To expand on Doug's answer:
There are two types of IR receiver. The two-pin one you have is basically a photodiode with infra-red filter. When infra-red light hits it the transistor gets biased and turns on. This is the most basic type you can get and is very hard to work with for anything other than simple on-off signals.
The second type is the IR receiver module. This contains a photodiode as above, but also contains extra circuitry. It receives IR light on the photodiode and filters it through a band-pass filter. A remote control sends a sequence of pulses of light which itself is further made up of high frequency pulses (36KHz square wave, for example). It's this high frequency pulsing that is allowed through the band-pass filter. The internal circuitry then turns these pulses of high frequency square waves into pulses of ON or OFF signals by low-pass filtering them to remove the high frequency component.
This latter type of receiver is far easier to work with for sending of data or commands from (eg) a remote control. But it can't detect a steady-state IR signal. The modulation and filtering means that a much weaker signal can be extracted from the background IR light meaning much greater distances can be achieved using much weaker transmission LEDs.
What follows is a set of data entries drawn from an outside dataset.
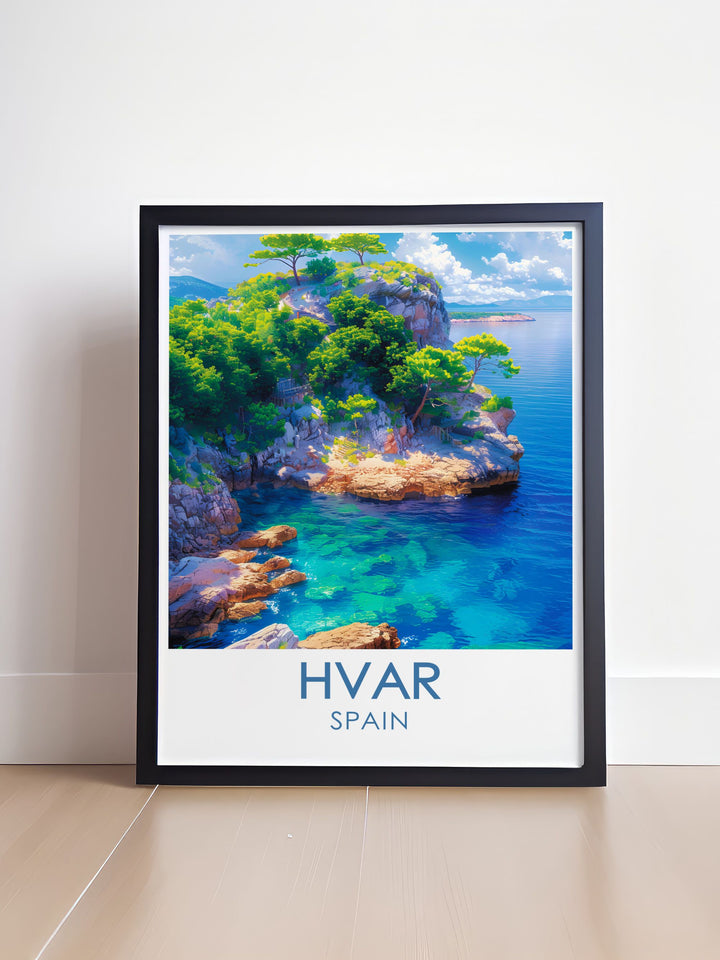 Canvas art featuring the serene beauty of the Pakleni Islands, with their crystal clear waters and lush landscapes. Perfect for nature lovers, this print captures the tranquil and idyllic escape offered by these Croatian islets.
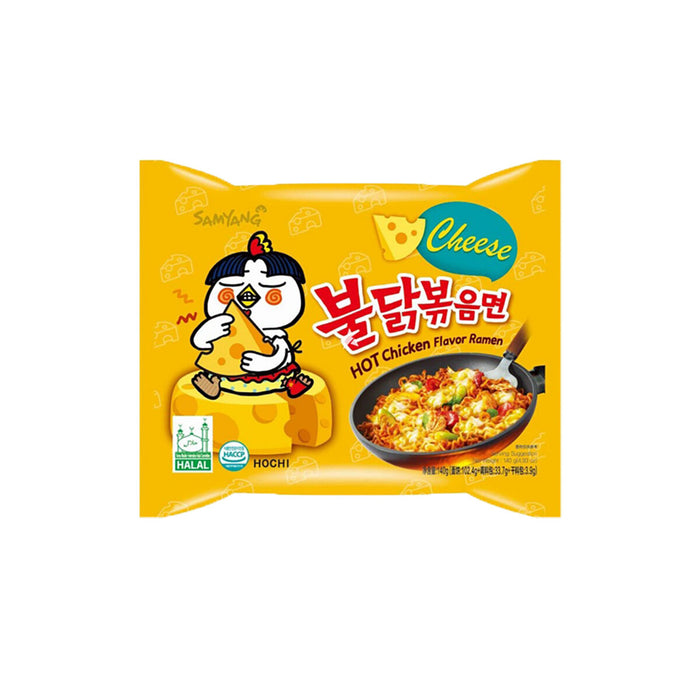 Samyang Buldak Hot Chicken Cheese Ramen 10 × 140 g – Scharfe koreanische Instant-Nudeln mit Käsegeschmack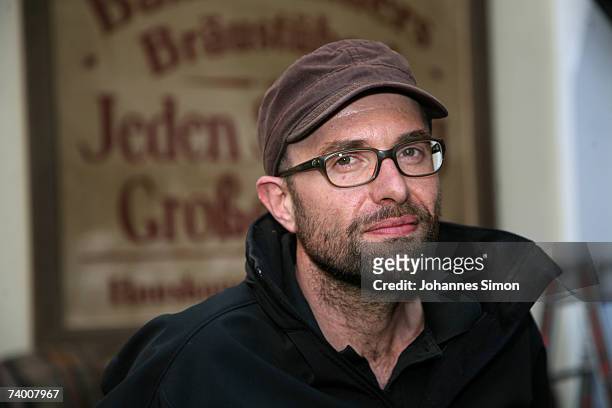 German director Philipp Stoelzl poses during the "Nordwand" photocall on April 27 in Berchtesgaden, Germany. The film "Nordwand" tells the story of...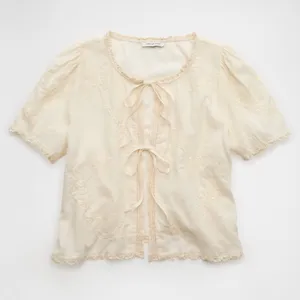 American Eagle Short-Sleeve High Neck Tie Front Shirt thumbnail 4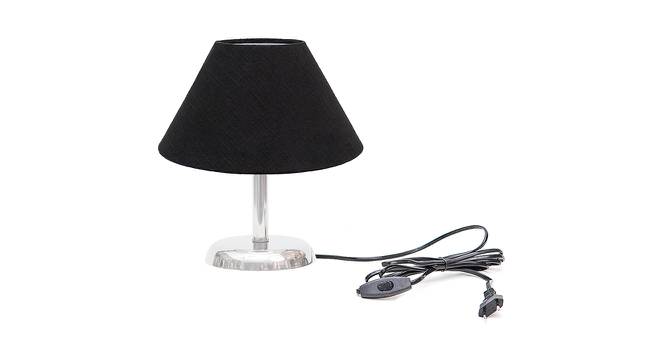 Elda Black Cotton Shade Table Lamp With Nickel Metal Base (Nickel & Black) by Urban Ladder - Front View Design 1 - 528641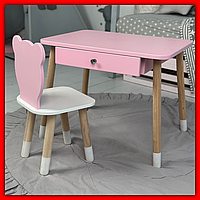 Дитячий яскравий стіл із дерева зі стільчиком, універсальний набір красивих меблів для занять та навчання дитині Варіант 4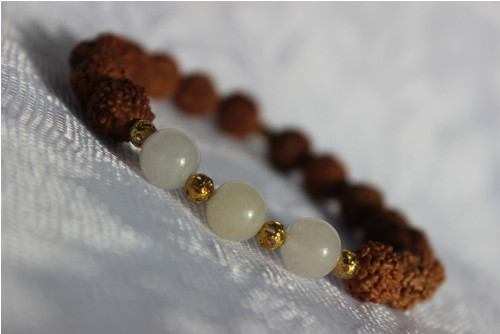 Rudraksha náramek & Jadeit/Nefrit — foto 3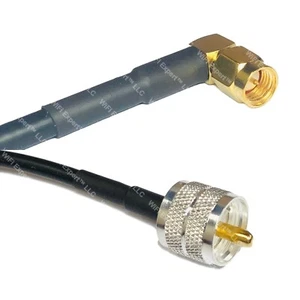 LMR240UF SMA MALE ANGLE to PL259 UHF Male Coax RF Cable USA-Ship Lot - Zdjęcie 1 z 1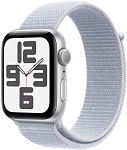 Apple Watch SE 2024 44mm Silver Aluminum Case with Blue Cloud Sport Loop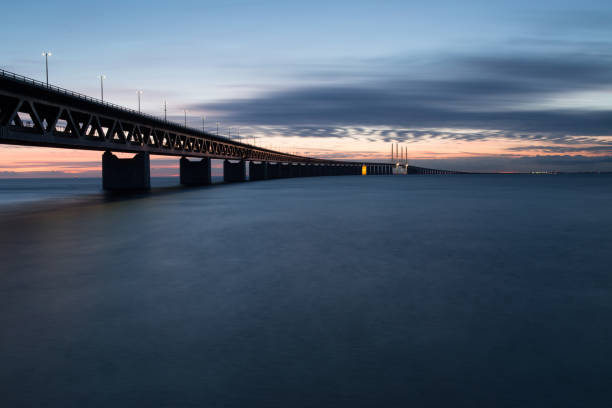istock Oresund Bridge at sunset 1266158276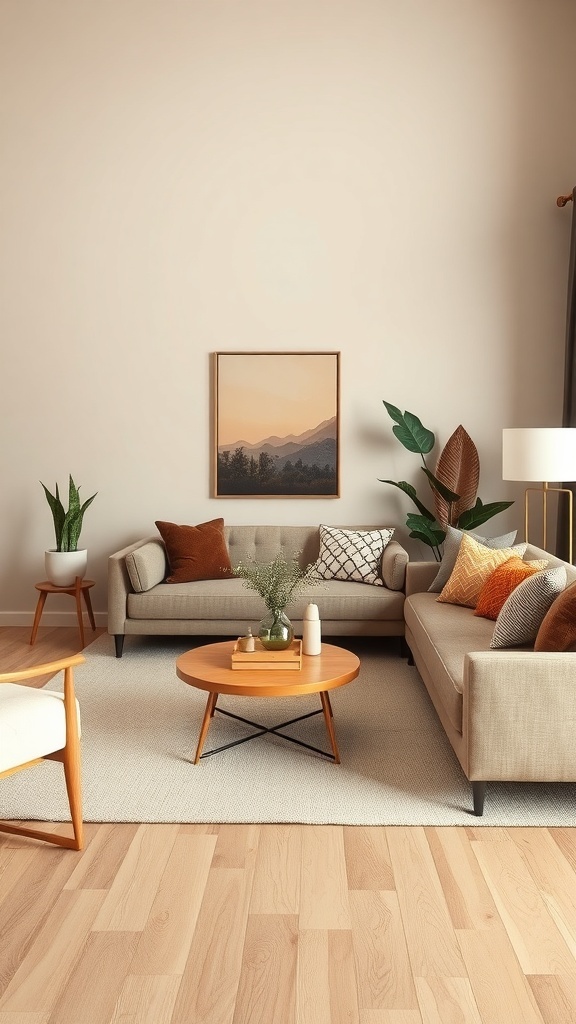 A modern rustic living room featuring earthy colors, beige sofas, and plants.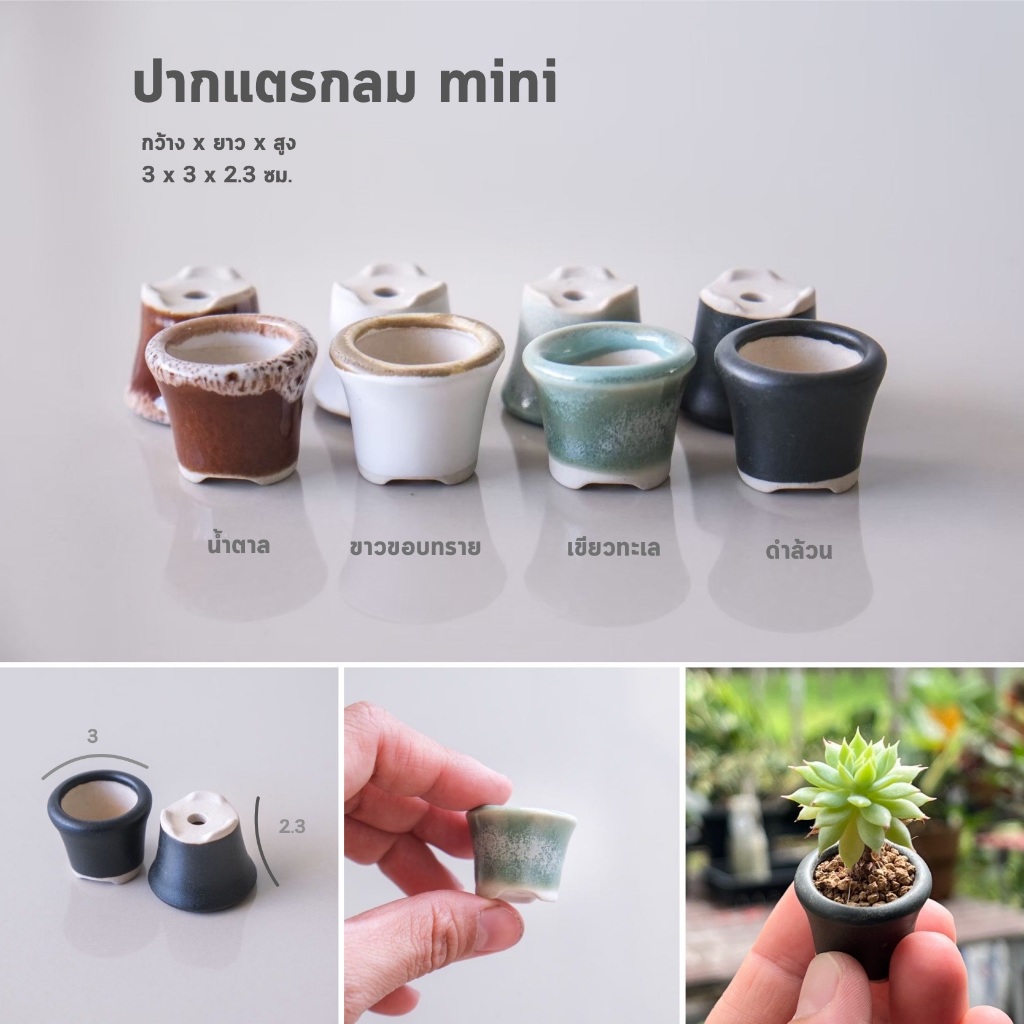 กระถางบอนไซ ญี่ปุ่น บอนไซจิ๋ว ต้นไม้จิ๋ว ทรงปากแตรกลม มินิ By miNATURE_c กระถางเซรามิค เกรดส่งออก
So while it is possible to use the former type with an Arduino you have to realise that the software required to do all the filtering and detection, as well as the extra hardware required to interface it, makes them considerably harder to use. That is why almost everyone uses the three-pin versions that do all that for you.
One thing to note with the three-pin versions: they have to match the carrier frequency of the transmitter. So a 36KHz transmitter has to be paired with a 36KHz receiver. Otherwise it won't be able to detect the signal. Just like a radio - it has to be tuned to the right band.